Sta di fatto che lo scorso 2 febbraio l’aula del Senato, in sede di conversione del d.l. 212/2011, ha accolto l’emendamento già approvato in Commissione Giustizia, con parere favorevole anche del Governo; ed ha abrogato l’intero art. 26 della legge 183/2011. Decisione che, visto l’evidente accordo politico maturato tra Governo e Parlamento, è facile presumere sarà confermata nei prossimi giorni anche dalla Camera dei Deputati. Sicché la norma è destinata ad ingloriosa abrogazione e sarà ricordata soltanto per avere intanto (già) rallentato molti processi in appello e cassazione.

Identica sorte, peraltro, e con uguale accordo, sta per avere anche l’art. 12 del medesimo d.l.
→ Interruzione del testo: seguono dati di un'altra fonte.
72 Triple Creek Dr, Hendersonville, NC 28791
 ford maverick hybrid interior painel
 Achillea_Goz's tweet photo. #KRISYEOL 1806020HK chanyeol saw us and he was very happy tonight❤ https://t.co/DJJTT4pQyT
212/2011 che, ha modificato l’art. 8 del d.lgs. 28/2010. La novella incisivamente stabiliva che la sanzione alla parte che diserta senza giusto motivo il procedimento di mediazione obbligatoria fosse irrogata dal giudice in prima udienza. Venendo meno il “ritocco”, la sanzione (anche per il futuro prevista dal menzionato art. 8) potrà allora esser comminata, come da originaria previsione, soltanto con la sentenza definitiva del primo grado di giudizio.